New York’s Commission of Judicial Conduct recommends judge be removed from the bench.
In a 27-page decision, a New York family court judge was accused by the state’s Commission of Judicial Conduct of engaging in a “pattern of inappropriate behavior toward female court employees.” It was recommended he be removed from the bench. Broome County Judge Richard Miller II is also accused of asking his secretary to “perform services unrelated to her official duties and for failing to disclose personal income from his legal work and rental properties in official court records and on tax returns,” according to the complaint.

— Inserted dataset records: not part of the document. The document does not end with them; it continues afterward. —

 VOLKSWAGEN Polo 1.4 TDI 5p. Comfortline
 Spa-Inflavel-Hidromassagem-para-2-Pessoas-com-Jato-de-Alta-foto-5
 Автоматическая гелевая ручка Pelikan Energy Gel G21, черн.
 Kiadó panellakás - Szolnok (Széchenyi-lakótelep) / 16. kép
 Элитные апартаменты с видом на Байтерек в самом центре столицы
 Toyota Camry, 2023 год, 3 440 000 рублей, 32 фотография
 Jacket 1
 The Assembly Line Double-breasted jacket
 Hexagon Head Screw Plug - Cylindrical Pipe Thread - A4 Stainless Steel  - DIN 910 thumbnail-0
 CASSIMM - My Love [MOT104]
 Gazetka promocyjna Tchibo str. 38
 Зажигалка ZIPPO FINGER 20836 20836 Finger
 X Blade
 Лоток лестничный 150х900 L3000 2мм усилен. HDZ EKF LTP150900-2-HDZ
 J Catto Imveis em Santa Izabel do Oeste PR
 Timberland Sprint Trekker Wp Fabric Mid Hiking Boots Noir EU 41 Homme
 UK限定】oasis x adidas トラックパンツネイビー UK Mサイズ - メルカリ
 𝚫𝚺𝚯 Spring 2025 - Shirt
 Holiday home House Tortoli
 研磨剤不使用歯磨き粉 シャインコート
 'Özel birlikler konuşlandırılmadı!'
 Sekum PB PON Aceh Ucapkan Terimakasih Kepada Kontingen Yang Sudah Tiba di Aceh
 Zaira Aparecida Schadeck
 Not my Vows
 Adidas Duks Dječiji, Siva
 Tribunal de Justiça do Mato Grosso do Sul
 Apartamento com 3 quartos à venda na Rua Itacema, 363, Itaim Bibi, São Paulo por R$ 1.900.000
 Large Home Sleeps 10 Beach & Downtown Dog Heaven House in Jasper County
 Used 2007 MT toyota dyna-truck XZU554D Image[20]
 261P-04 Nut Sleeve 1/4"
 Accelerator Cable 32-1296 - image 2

According to the Judicial Commission, a court assistant said the judge “harassed her for working too slowly” and “screamed at her in front of others” in the courtroom. When the judge discovered that the court assistant had complained about his “discourteous and demeaning behavior,” he filed a complaint against her.
Miller also made “extremely inappropriate and sexist remarks” to the deputy chief clerk, the Commission said. The deputy chief clerk testified, “After a luncheon, where employees brought dishes to share, the judge told her “he liked her food and that if I knew you could also cook, I would have gone for the widow.” Then, at another point, the deputy chief clerk “said she was hot and needed to use a fan.” The judge, at yet another point, said, “it’s nice to know I still have that effect on you.” He later commented on her appearance in a third incident, telling her “you look really hot in that outfit,” and she “should always wear that outfit.”
“Compounding his misconduct, respondent appears to be under the misapprehension that the women he denigrated and to whom he made the sexist comments had an obligation to tell him that they did not approve of his comments,” according to the Commission. “To the contrary, it was incumbent upon respondent to not make sexist comments to a court employee. Similarly, it was also his responsibility to avoid behaving discourteously toward court employees.”
In the recommendation for him to be removed, it further contended, “Miller also violated the Rules Governing Judicial Conduct when he allowed his court secretary to write a letter regarding unsigned checks for legal work that he had performed before becoming a full-time judge, as well as when he failed to report income from extrajudicial activities on financial reports that he was required to complete as a judge…Respondent, who took the bench in 1996, is an experienced judge who should be fully familiar with the rules.”
Miller was found guilty of violating the rules in more than a dozen cases back in 2002. “Under these circumstances, if respondent were to be censured again and allowed to remain on the bench, we believe public confidence in the courts and the judicial disciplinary process would be undermined,” the Commission wrote.
While the majority of the ten-person panel ruled that Miller should be removed from the bench, two Commission members said he should only be censured, as was done in the past. This would mean the judge would continue to practice until at least his current term ends in 2024.